Type-focused personality assessments
Type-focused personality assessments are based on the Jung theory of personality. Jung theorised that individuals fall into one of two categories; introvert or extravert. Introverts are most aware of their inner world, and by contrast, extraverts gain more influence from the outer world.
Typically, type-focused personality assessments measure an individual’s personality across four factors. They are ipsative, which means a person is defined as one ‘type’ or another. For example, a person is defined as either an introvert or an extravert.
One commonly used example is the Myers Briggs personality test (MBTI). The tool was developed in the 1940’s by Isabel Briggs-Myers and her mother Katherine Briggs, based on their work with Jung’s theory. It was first published in 1962.
MBTI categories individuals into one of 16 distinctive personality types that result from the interactions among their preferences for each of four psychological functions;
- Extraversion (E) or Introversion (I)
- Intuition (N) or Sensing (S)
- Thinking (T) or Feeling (F)
- Judging (J) or Perceiving (P)
When put together you get a personality type code, for example, ENTJ, ISFP or ESTP.
Type-focused personality assessments like MBTI are easy for people to remember and reference, and can help create a common language that people can easily identify with.
However, personality theory has moved on significantly since the likes of Jung. In fact, the MBTI has been heavily criticised by personality psychologists, who argue it is based on wholly unproven theories, is a limited way of studying personality, and provides inconsistent results.
Personality psychologists now largely agree that individual differences in personality are better described by continuous traits than distinct type categories. It’s even been found that most MBTI scores fall somewhere in the middle, rather than at the very low or very high end – which disproves the very theory that we are one ‘type’ or another.
Trait-focused personality assessments
The Big5 theory of personality is now widely considered the best way of describing the fundamental building blocks of an individual’s personality. Psychologists have recognised that personality isn’t as simple as Jung’s type theory. Instead, the Big5 theory recognises personality as the unique pattern of enduring psychological and behavioural traits by which each person can be compared and contrasted to others.

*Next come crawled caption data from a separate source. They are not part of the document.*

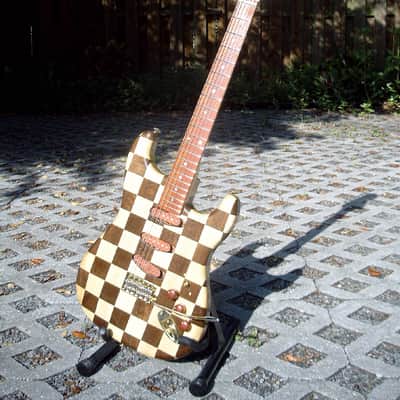Woody Woodcasters #0025 "Checkercaster" w/ case image 8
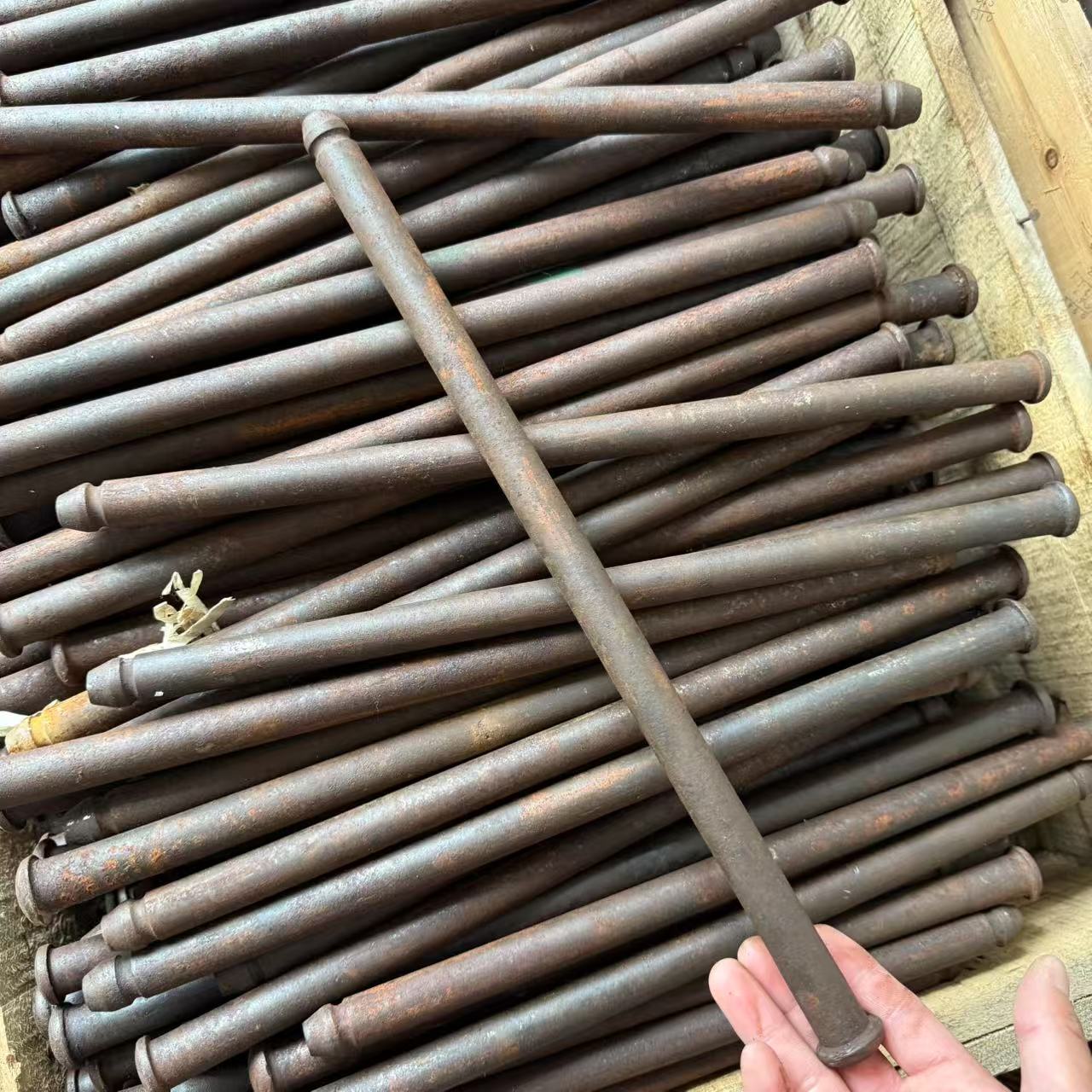 怀旧老货 30cm撬棍 合金钢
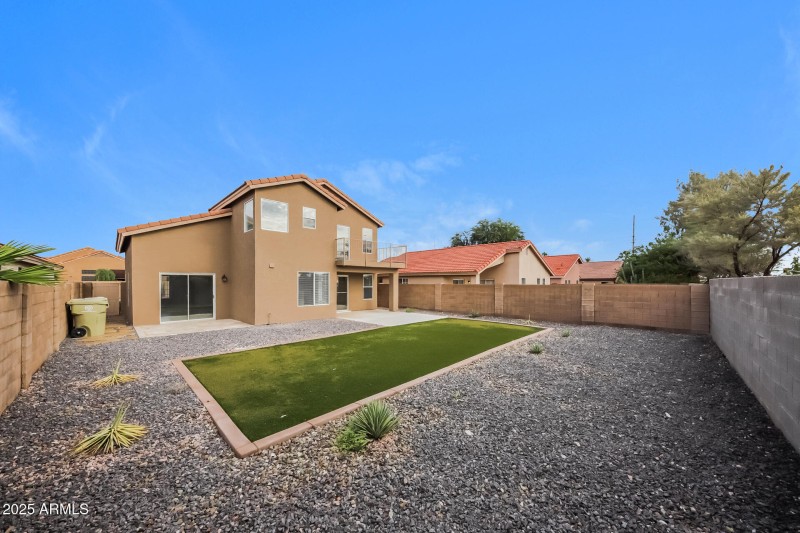 016-photo-rear-view-11786635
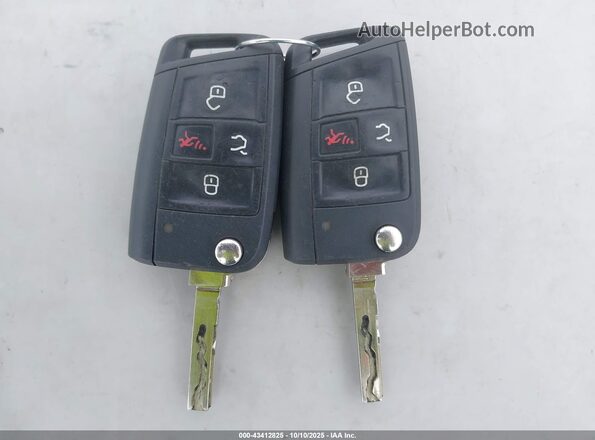 3VWN57BU2LM028378 2020 VOLKSWAGEN JETTA White Առջևի վահանակի տեսք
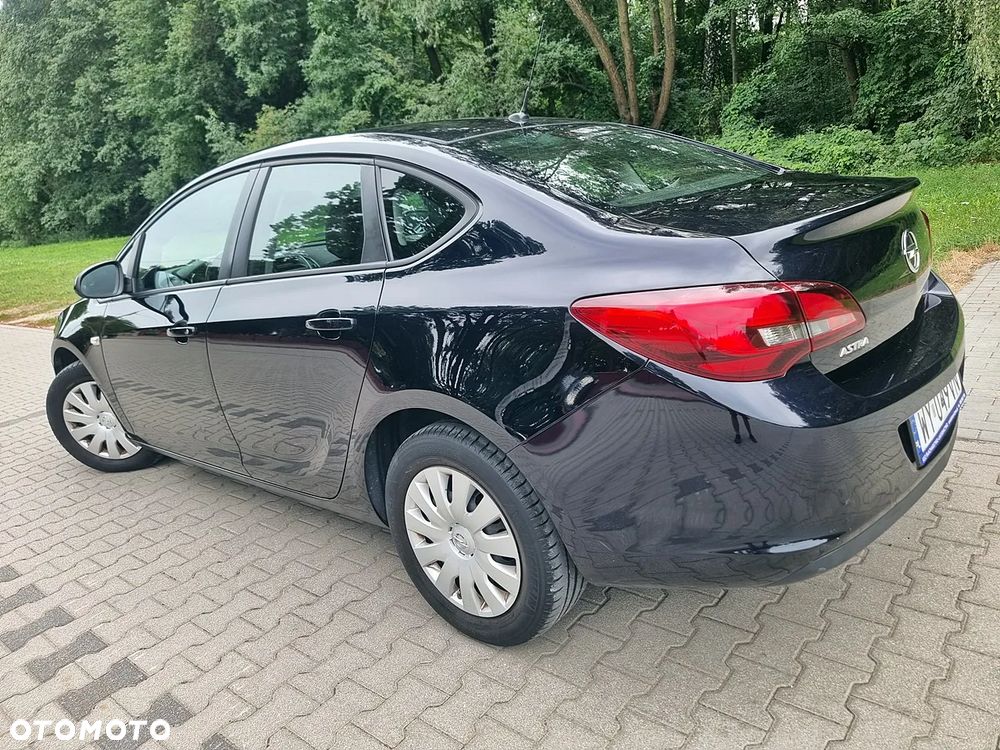 Opel Astra 1.6 Active - 18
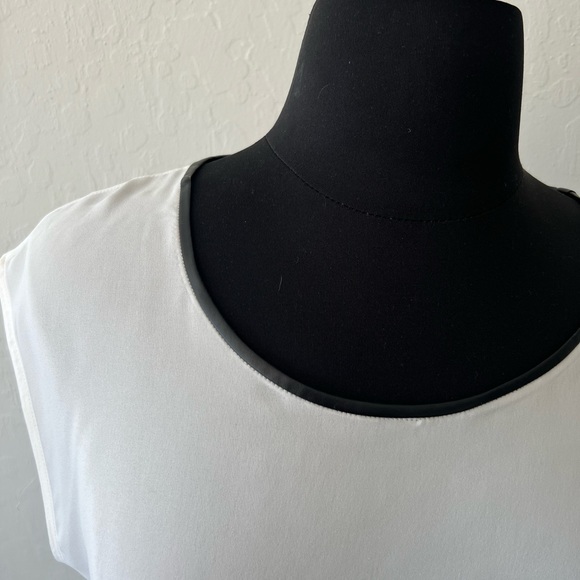 Ann Taylor White with Black trim Blouse - Picture 2 of 4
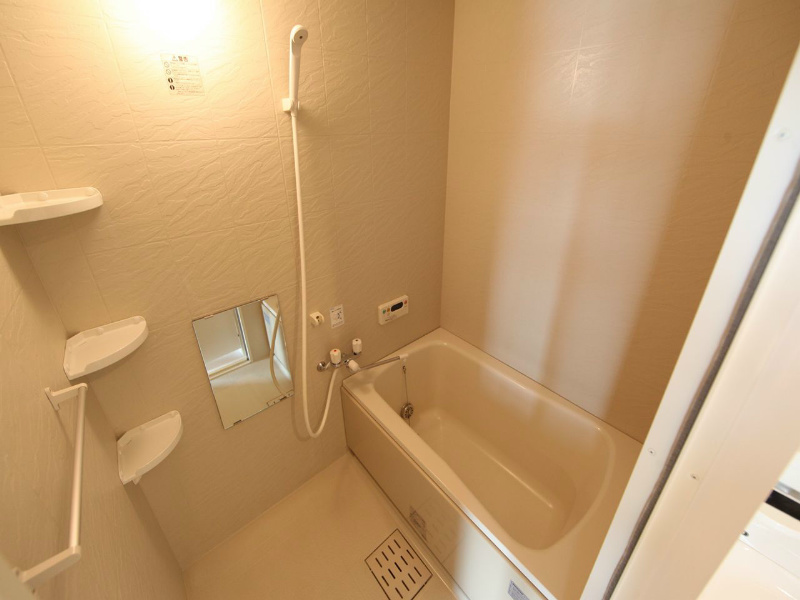 バス・シャワールーム　追い焚き機能付お風呂　自動湯張り機能付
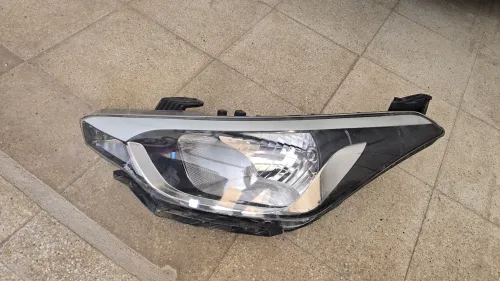 phare avant gauche Hyundai i20 2018
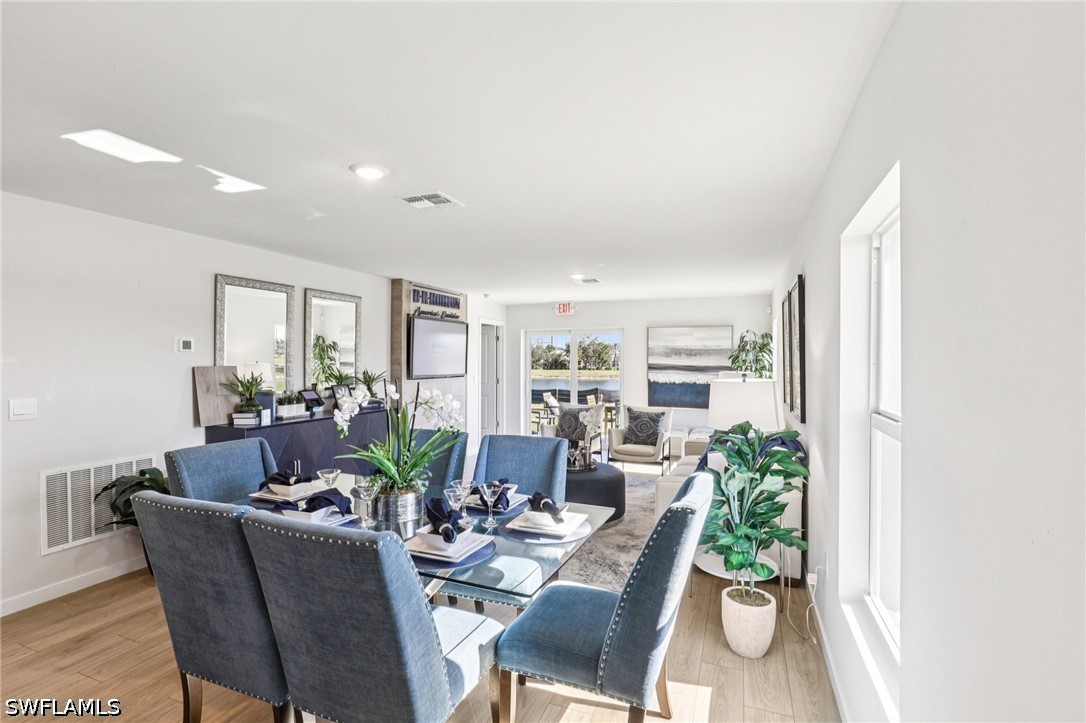 4 Bed SingleFamilyResidence for Sale in Asher Park, photo 8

Trait-focused personality assessments are all based on the Big5 factors model. Individuals are measured by ‘how much’ of each of the five traits they possess, rather than being forced into a ‘type’.
Facet5, created in the late 1980s, was the first Big5 measure in Europe. It measures five factors, or ‘facets’ based on the Big5 theory. A person has a certain amount of each of the facets, and it is this pattern of scores that gives the overall picture of their personality.
- Control
- Will
- Energy
- Affection
- Emotionality
Each facet is made up of a number of sub factors. For example, a person’s Will score is an accumulation of their scores on each of the three sub factors of Will: determination, confrontation, and independence.
Trait-focused personality assessments give information rather than hard data, making them a much more powerful tool for developing people and influencing behaviour change. Though there is no snappy four letter identification, trait-focused tools like Facet5 still create a common language for organisations. For example, if using Facet5 you might refer to someone as “low Will” or “High Emotionality”. But it’s not so definitive as to put people in ‘boxes’ and force a label on them.
Trait-focused personality assessments give a more granular picture of an individual’s personality than type-focused tools. They offer people a more accurate reflection of their natural preferences and behavioural styles, so that they can both relate to them more, and getter a better understanding of why they behave in certain ways in particular circumstances. What’s more, re-test reliability is significantly higher for Facet5 than it is for MBTI.
The broad consensus today is that trait-focused tools are a much more powerful in the workplace than type-based tools. By giving a more accurate view of an individual’s personality, they are far more effective at triggering behaviour change, as they help people understand themselves better in the first place. If you focus on trait-focused personality assessments only, you effectively cut the list of potential options in half, and become one step closer to finding the right solution for your company.